Cathay ou Catai (chinois simplifié : 契丹, qidan) est l'ancien nom donné, en Asie centrale et en Europe, au nord de la Chine. Il fut popularisé en Occident par Marco Polo qui désigna sous ce terme le royaume de Kubilai Khan dans son Livre des Merveilles. C'est une transcription de Kitai ou Khitans, le nom d'un peuple qui fonda un État puissant dans le nord de la Chine, du Xe au XIIe siècle[1]. On a longtemps pu considérer le Cathay comme différent de la Chine, parce qu'avant sa réunification en 1276, le Cathay désignait la Chine du Nord, par opposition à la Chine du Sud (le Manzi de Marco Polo), qui était notamment celle des empereurs Song.

Dénominations de la Chine

Fig. 1 Chataio d'après une carte de Fra Mauro ca. 1450, (le sud est en haut).

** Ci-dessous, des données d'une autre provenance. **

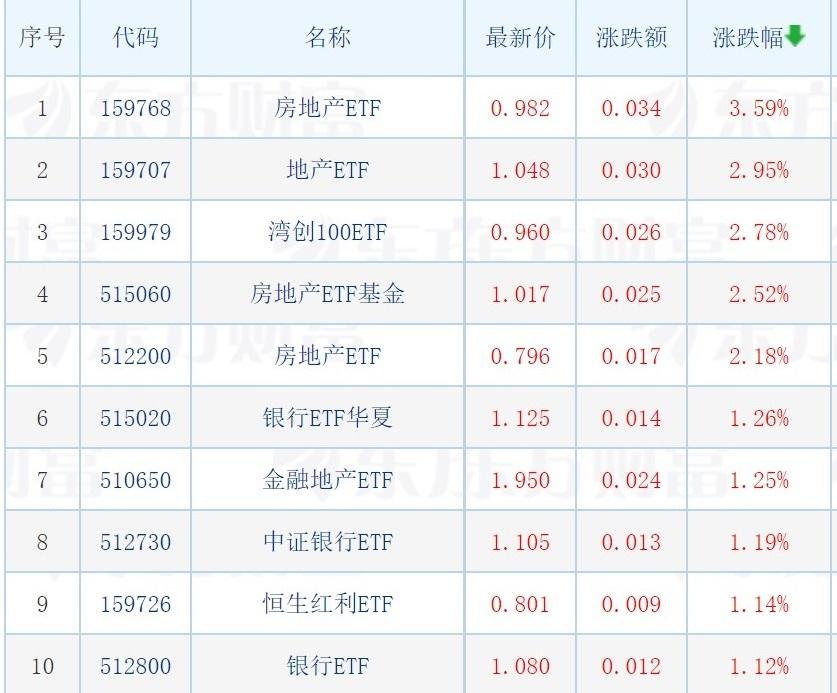 新能源金屬ETF，投資新風(fēng)口，揭秘未來能源革命的關(guān)鍵角色，新能源金屬ETF，領(lǐng)航能源革命的關(guān)鍵投資風(fēng)口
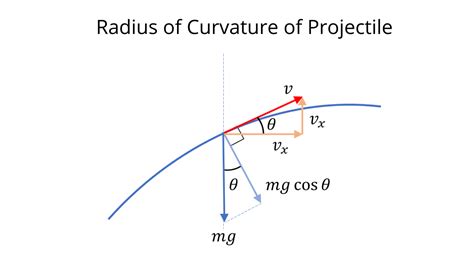 Radius of curvature of projectile | JEE Main | JEE Advanced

Le problème de la dénomination générique des pays de la « plaine du centre », située aux alentours du Fleuve Jaune, est très ancien. Car les périodes d'unité sous la direction d'une dynastie impériale puissante pouvaient être interrompues par de longues périodes d'éclatement en de multiples royaumes rivaux, sans qu'aucun ne soit le représentant légitime de l'ensemble.

Les Chinois nomment actuellement leur pays Zhōngguó (中国), « le pays du milieu » (ou l'Empire du Milieu), et ce terme leur sert aussi à référer rétrospectivement à l'entité politique, géographique et culturelle qui perdure depuis 3 000 ans dans la région du fleuve Jaune. Pourtant, la valeur de ce terme dans Zhongguo lishi (中国历史), l'histoire de la Chine, employé par les historiens modernes, n'est que d'un usage récent, puisqu'au cours des siècles, les historiographes se contentèrent de dénommer les dynasties par leur nom officiel sans jamais forger un terme universel, valant pour toutes, à toutes les époques. Le terme de Zhongguo a bien été utilisé à certaines périodes pour dénommer un royaume qui se voulait plus « central » que les autres[2] mais ce n'est qu'à l'époque moderne qu'il s'est imposé comme terme générique. La première occurrence du terme Zhongguo « Pays du Milieu » apparaît lors des traités entre les Britanniques et l’empereur Xianfeng (empereur de 1850 à 1861) à la suite des guerres de l’opium.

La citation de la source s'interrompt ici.